Still, the Rabbis were concerned that selling parts of a Korban Pesach may become an inappropriate money-making business. Given this, they limited the funds being received to those items directly related to a Korban Pesach (such as wood to roast the korban on the fire). However, this then led to a fascinating debate regarding how we define ‘items directly related’ to the Korban Pesach.
We are taught (see Shemot 12:8) that the Korban Pesach was to be accompanied by Matzah and Marror. Given this, are these to be considered as ‘items directly related’ to the Korban Pesach?
On this point, we are first told that the Chachamim felt that such items went above and beyond ‘items directly related’ to the Korban Pesach (and thus the money couldn’t be used for their purchase), while Rabbi Yehuda HaNasi asserted that since Matzah and Maror facilitate the consumption of the Korban Pesach, the money may be used to purchase them.

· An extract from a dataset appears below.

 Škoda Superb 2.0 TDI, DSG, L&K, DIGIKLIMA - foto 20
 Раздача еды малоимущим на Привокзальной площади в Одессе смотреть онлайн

However, according to a different opinion in the Gemara, all agree that it is reasonable to use any monies received for the Matzah and Marror. Instead, the point of disagreement between the Chachamim and Rabbi Yehuda HaNasi is the extent to which the personal needs of the owner of the Korban Pesach can be provided for through the use of these funds.
To my mind, this discussion raises an important question about how we understand our mitzvah needs. For example, while we could claim that the only items that we need for Shabbat are candles, wine, bread and food, we would likely also agree that to enjoy a Shabbat, one needs to have a location to do so. Yet beyond the seemingly essential items for Shabbat and a location where you can rest on Shabbat, for a person to have a positive experience of Shabbat they themselves may have needs which need to be fulfilled such as a comfortable place to sit, or a blanket to keep them warm.
Overall, what we learn from today’s daf is that ‘mitzvah needs’ can be interpreted in a variety of ways, and that – at least according to some explanations – they can go so far as to include the physical needs of the person fulfilling the mitzvah.